At the heart of his appeal is New’s right to his day in court. In a petition for writ of certiorari, New is asking the High Court to overrule the judgment of three military courts which essentially refused to deal with his claims that the Constitution does not allow the President unilaterally to order American soldiers to fight for a foreign government.
At New’s January 1996 court-marital, the military judge decided before trial that the order to don the UN uniform was lawful and that New had a duty to obey it. Although two judges sitting on the highest military appellate court found this pretrial ruling “a radical departure form our political, legal and military tradition,” the military appeals court nevertheless upheld the trial judge, so that the Army has never had to prove its case by sworn testimony subject to cross examination.
In fact, the Army has never been required to prove that President Clinton’s deployment of American soldiers under UN command and control was lawful. Instead, the highest military court dismissed New’s claim that such a deployment was both contrary to statute and the U.S. Constitution as one raising “political questions” that can only be answered by the President and Congress.

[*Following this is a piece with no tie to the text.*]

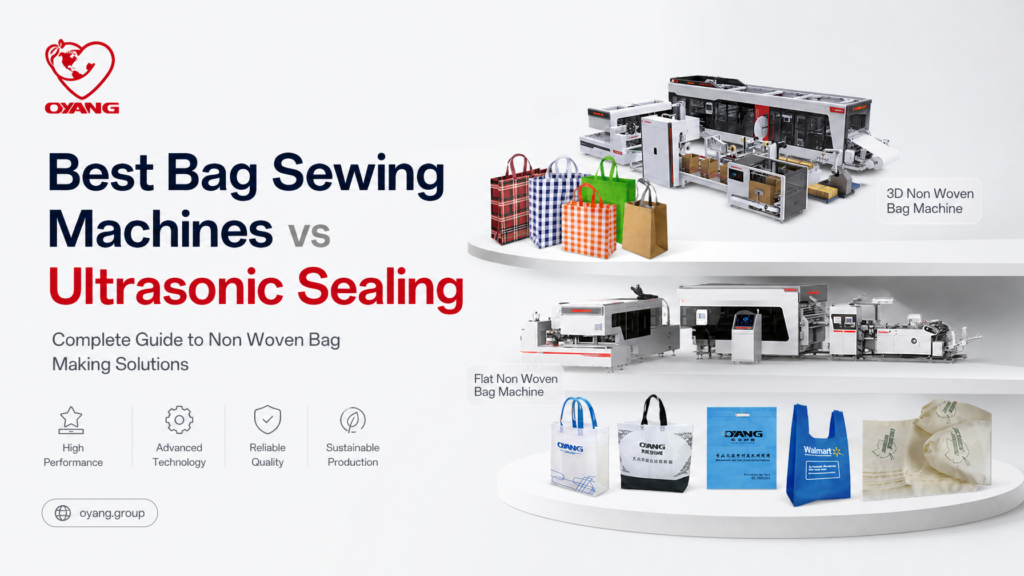 Best Bag Sewing Machines vs Ultrasonic Sealing OYANG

In his petition before the Supreme Court, New calls this ruling “indefensible.” “At the very heart of the constitutional prohibition against the deprivation of life, liberty, and property except by Due Process of Law,” the New petition states, “is the rule of law, not politics.” Quoting from a 1994 opinion of Justice Sandra Day O’Connor, New reminds the Supreme Court that “one of the hallmarks of due process in our adversary system is the defendant’s ability to meet the State’s case against him.”